Je suis la femme occidentale, là où on achète mon charme, où l'on expose ma nudité dans les foires. On me pousse à faire le trottoir au prix d'un pourboire. Certes, dans les lois, j'ai mes droits, mais homme, je veux les voir en toi. Si tu n'utilises pas ton savoir-faire et ton arsenal militaire pour extraire mes pairs de la misère, il n'y a vraiment pas de quoi être fier. Aujourd'hui, tu peux garder tes fleurs, mon cher.
Je suis la veuve africaine, mon époux est englouti par les flots de l'eldorado. Je suis à genoux et mon bébé sur le dos, je ramasse les grains de riz perdus pour subsister. Je n'ai plus de force et Boko haram est à mes trousses. À la place d'un bouquet, offrez à mon enfant de votre pain une bouchée.
Je suis la femme algérienne qui avait régné à travers l'histoire. J'étais parmi les acteurs qui ont combattu le colonisateur. Au moment au je lançais des youyous pour avoir libéré la terre de mes aïeux, on m'a poignardée dans le dos, on m'a attaché le code de la famille au cou. Je n'ai plus le droit d'hériter les biens de mon père et de ma mère à parts égales avec mon frère. Devant le juge, j'avais la rage, car mon témoignage est inégal à celui d'un mâle. Nos hypocrites m'appellent tous "sœur", mais me harcèlent même dans ma propre cour ainsi que dans les bus et les trains. Ils m'ont imposé un couvre-feu la nuit et ils se sont autoproclamés Dieux de la rue. Ici, les roses ne seront pas citées, car les hommes de ma cité ont répudié cette civilité.

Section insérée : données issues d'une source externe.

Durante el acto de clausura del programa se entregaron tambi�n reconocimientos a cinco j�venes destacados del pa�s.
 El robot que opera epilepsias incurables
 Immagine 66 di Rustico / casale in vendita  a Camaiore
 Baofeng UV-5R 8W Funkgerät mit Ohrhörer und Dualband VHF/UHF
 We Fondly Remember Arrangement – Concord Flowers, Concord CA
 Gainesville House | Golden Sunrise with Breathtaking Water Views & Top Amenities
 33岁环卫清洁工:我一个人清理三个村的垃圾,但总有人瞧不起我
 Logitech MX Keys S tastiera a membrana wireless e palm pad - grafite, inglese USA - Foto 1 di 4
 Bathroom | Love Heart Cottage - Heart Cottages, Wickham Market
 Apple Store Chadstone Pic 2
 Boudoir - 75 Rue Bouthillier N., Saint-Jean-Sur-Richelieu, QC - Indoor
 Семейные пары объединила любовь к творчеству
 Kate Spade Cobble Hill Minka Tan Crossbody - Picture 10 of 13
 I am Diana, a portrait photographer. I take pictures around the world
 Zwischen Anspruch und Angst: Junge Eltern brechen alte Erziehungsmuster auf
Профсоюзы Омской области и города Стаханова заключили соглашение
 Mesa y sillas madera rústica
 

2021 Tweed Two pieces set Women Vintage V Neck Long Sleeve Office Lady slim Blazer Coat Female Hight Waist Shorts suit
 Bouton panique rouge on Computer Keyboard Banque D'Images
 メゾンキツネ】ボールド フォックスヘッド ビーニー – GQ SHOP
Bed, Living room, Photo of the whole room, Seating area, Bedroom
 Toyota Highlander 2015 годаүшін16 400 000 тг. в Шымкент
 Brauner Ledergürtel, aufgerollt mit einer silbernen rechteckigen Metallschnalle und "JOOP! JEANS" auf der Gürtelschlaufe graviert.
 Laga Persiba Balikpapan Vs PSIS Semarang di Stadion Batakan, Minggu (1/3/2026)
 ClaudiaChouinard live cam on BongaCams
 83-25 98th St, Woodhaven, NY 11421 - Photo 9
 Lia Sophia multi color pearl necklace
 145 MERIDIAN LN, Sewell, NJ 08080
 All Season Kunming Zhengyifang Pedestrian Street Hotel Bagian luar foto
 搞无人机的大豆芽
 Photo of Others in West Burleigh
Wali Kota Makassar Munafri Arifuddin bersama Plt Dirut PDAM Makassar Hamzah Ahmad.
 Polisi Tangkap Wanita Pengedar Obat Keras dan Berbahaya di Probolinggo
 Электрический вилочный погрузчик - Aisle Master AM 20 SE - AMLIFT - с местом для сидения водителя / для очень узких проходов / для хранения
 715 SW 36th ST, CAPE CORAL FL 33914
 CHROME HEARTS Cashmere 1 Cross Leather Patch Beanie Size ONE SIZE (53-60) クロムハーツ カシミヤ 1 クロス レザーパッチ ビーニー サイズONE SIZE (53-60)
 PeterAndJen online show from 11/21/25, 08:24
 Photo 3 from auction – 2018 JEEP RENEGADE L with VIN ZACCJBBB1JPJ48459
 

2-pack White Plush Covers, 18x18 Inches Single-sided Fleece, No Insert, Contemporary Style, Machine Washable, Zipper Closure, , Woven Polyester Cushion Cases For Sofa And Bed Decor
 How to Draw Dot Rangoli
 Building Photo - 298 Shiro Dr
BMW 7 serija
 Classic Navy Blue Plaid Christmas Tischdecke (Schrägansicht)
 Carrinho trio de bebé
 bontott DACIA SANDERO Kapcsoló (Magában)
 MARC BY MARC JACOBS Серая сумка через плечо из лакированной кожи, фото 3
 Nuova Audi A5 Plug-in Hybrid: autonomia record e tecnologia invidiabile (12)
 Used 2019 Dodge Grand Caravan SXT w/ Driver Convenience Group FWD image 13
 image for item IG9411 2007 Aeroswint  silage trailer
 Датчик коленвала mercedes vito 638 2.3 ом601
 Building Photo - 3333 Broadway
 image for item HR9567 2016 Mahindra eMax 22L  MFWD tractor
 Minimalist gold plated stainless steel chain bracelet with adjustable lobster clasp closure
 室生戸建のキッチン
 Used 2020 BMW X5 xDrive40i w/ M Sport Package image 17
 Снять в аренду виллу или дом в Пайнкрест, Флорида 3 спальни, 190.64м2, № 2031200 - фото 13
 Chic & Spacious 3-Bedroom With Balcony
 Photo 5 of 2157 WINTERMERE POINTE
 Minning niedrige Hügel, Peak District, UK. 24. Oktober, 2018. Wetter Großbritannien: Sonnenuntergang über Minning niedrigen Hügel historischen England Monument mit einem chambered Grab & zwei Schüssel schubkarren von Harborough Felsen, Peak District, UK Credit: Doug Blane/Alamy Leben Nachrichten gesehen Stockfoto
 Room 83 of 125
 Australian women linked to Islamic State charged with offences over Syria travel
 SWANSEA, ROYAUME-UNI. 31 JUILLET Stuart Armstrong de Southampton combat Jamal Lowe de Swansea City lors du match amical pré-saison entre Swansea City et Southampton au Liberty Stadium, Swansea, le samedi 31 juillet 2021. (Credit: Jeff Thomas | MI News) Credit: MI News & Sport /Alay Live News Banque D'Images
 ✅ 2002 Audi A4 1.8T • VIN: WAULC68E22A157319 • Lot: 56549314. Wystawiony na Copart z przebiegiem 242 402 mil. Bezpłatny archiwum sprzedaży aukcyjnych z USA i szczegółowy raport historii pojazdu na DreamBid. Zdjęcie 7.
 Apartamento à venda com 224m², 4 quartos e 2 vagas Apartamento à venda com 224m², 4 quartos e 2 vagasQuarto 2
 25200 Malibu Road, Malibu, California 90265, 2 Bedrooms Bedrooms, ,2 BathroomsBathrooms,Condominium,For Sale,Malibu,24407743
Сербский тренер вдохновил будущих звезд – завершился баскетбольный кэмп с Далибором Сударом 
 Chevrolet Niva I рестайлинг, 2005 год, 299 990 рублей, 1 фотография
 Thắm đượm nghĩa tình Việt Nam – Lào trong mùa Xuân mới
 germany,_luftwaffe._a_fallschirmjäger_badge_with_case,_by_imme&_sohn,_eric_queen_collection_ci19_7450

Au nom de toutes les femmes, violées, violentées, dissimulées, écrasées … au nom de la foi, des scélérates lois, de l'honneur stupide et des coutumes sordides qui ont écarté l'esprit lucide, j'ai osé emprunter leur voix, afin d'évoquer un petit bout de leur effroi.
Mère, épouse, fille et sœur, au nom de tous les époux, des pères, des frères et de ceux qui tiennent les rênes, je vous demande pardon et je déclare que tous les jours de l'an sont désormais à vous.